The facts in that case, mutatis mutandis, are practically the same as in the case at bar, and the principles announced there are controlling 'here. It makes no difference that the government failed to have some of the property taken from the defendant’s dwelling admitted in evidence. It was before the jury and was discussed in its presence. Fisher was permitted over objection to testify to what the agents found. The government may not thus take advantage of its own wrong. Silverthorne Lumber Co. v. United States, supra. Nor does it avail that the prohibition agents did not break down the doors of defendant’s dwelling, nor force their way into it, but entered when the defendant was at police headquarters, and while the house was under surveillance of the policemen.
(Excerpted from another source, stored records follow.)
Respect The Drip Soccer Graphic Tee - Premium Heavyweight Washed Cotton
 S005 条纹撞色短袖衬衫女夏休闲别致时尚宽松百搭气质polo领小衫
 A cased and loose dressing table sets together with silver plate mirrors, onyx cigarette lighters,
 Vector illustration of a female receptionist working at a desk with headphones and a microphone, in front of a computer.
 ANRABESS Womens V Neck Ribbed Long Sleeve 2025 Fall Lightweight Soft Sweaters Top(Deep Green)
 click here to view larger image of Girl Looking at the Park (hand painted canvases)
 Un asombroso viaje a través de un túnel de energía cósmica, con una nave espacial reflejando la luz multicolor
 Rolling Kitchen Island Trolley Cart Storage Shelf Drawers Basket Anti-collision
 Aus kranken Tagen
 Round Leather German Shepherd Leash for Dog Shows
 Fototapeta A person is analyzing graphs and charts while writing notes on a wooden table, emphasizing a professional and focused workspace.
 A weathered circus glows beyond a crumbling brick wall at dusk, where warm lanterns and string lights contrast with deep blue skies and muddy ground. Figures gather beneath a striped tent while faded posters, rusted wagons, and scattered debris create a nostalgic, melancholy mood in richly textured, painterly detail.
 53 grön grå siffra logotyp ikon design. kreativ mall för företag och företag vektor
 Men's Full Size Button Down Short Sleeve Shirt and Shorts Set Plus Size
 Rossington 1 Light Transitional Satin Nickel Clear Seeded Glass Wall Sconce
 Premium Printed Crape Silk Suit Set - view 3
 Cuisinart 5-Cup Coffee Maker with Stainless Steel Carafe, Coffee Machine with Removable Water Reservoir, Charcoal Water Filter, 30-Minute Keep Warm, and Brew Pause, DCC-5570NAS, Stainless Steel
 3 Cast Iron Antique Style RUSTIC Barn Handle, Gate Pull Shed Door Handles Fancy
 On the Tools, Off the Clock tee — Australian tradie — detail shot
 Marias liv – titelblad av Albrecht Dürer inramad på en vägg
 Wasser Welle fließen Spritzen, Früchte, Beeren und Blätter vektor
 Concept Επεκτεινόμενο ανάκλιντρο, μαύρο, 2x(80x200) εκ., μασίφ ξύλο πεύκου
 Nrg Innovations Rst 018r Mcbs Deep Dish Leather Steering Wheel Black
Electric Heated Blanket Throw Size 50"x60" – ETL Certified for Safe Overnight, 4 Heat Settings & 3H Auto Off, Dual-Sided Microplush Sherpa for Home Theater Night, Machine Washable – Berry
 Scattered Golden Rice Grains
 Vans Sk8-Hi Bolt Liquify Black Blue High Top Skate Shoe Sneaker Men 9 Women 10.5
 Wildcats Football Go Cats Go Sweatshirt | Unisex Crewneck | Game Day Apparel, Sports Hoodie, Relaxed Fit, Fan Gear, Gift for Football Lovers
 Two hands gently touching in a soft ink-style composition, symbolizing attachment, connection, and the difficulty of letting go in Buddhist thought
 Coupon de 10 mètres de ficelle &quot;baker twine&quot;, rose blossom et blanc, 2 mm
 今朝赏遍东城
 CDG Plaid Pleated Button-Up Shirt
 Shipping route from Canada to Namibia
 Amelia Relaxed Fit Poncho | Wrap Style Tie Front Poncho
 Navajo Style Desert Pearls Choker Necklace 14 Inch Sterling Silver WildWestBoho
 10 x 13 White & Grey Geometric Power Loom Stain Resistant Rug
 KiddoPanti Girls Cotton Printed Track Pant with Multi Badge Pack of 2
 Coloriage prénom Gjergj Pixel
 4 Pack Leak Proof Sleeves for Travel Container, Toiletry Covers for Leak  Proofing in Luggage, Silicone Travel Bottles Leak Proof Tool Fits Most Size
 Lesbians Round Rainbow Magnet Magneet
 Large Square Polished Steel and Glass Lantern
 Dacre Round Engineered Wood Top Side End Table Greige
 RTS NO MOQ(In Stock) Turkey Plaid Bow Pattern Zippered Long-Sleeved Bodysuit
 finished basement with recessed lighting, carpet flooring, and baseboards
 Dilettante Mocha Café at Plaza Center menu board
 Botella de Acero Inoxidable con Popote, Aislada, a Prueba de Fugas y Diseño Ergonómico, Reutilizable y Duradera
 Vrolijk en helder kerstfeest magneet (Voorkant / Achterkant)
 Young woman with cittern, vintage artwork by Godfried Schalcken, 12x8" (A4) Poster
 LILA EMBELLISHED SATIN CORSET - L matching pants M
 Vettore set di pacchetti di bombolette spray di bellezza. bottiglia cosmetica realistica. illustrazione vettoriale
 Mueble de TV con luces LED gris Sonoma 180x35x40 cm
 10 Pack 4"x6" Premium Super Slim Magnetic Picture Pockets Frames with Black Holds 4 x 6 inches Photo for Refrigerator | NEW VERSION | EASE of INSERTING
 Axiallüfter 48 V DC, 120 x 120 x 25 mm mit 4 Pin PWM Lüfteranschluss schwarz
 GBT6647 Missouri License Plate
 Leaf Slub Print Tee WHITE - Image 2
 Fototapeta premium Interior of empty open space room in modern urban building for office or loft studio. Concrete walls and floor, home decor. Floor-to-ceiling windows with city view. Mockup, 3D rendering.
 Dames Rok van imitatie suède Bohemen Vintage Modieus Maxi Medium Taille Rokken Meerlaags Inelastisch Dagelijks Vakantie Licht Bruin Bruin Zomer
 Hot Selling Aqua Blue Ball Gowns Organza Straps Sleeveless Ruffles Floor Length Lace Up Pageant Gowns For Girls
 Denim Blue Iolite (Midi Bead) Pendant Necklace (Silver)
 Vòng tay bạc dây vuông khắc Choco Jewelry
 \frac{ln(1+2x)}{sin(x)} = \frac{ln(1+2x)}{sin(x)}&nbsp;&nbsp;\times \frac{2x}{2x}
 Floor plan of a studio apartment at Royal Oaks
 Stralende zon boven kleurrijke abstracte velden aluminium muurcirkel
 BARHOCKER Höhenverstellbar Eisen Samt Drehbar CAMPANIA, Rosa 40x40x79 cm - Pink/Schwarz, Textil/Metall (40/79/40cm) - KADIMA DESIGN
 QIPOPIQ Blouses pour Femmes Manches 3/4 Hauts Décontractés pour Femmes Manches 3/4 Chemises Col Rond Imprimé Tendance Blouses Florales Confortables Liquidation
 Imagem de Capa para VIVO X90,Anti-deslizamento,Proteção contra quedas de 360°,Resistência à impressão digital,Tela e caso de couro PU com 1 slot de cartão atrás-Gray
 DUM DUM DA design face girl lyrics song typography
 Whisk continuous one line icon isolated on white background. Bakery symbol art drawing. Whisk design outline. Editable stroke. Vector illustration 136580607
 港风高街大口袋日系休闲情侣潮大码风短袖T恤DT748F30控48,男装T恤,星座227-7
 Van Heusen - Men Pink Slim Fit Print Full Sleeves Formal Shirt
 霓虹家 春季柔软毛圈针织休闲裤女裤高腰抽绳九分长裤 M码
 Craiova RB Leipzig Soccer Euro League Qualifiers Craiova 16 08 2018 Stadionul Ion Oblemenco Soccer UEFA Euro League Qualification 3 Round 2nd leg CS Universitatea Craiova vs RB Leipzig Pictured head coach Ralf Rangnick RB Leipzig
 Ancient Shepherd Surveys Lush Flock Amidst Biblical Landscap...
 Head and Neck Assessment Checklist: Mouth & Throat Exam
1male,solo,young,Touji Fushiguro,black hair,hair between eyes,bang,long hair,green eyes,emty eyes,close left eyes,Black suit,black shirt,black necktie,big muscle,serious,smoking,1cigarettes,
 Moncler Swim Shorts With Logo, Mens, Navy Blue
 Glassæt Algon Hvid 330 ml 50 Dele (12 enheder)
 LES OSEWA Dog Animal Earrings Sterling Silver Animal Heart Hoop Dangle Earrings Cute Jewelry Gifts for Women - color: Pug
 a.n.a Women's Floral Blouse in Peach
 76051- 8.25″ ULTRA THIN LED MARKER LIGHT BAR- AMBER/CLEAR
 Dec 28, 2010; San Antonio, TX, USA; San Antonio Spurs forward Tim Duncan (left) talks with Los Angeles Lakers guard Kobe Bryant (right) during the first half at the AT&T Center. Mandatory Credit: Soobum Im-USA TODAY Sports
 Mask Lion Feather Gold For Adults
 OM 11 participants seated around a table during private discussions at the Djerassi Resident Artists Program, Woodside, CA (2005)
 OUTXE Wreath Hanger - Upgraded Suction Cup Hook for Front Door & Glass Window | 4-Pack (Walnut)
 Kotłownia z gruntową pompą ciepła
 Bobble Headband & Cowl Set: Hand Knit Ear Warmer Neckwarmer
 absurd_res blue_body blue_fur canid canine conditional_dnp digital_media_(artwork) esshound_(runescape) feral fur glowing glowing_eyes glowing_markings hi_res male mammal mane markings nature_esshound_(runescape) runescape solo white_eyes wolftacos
Weeks v. United States, supra; Gouled v. United States, 255 U. S. 299, 41 Sup. Ct. 261, 65 L. Ed. 647.

Unlawful and unconstitutional practices get their first footing 'by silent approaches and slight deviations, under extenuating circumstances, from legal modes of procedure. To obviate these, constitutional provisions for the security of person and property must be liberally construed. The great end for which men entered into society and became parts of the social organism was to make their person and property secure. The right to this security is preserved sacred and incommunicable in all instances, except when taken away or abridged by some public law for the good of the whole. Entick v. Carrington and Three Other King’s Messengers, 19 Howell’s State Trials, 1029; Boyd v. United States, supra. This right is so sacred and fundamental that it was determined to implant it in out institutions in the fullness of its integrity by making it a part of the Constitution, free from the possibility of future legislative change. Bram v. United States, 168 U. S. 532, 18 Sup. Ct. 183, 42 L. Ed. 568; Weeks v. United States, supra. A man’s home is regarded in American and English law as his castle, and not to be invaded under any general authority to search and seize his property. Cooley’s Constitutional Limitations, pp. 425, 426; Lieber’s Civil Liberty and Self-Government, 62. It is therefore the duty of courts to be watchful for stealthy encroachments against the constitutional rights of citizens (Boyd v. United States, supra), and this watchfulness applies to the administration of the National Prohibition Act, just as to any other law.

*479For these reasons, the judgment of the District Court is reversed, and the case remanded for a new trial.

Judge BUFFINGTON took no part in the consideration or decision of this case.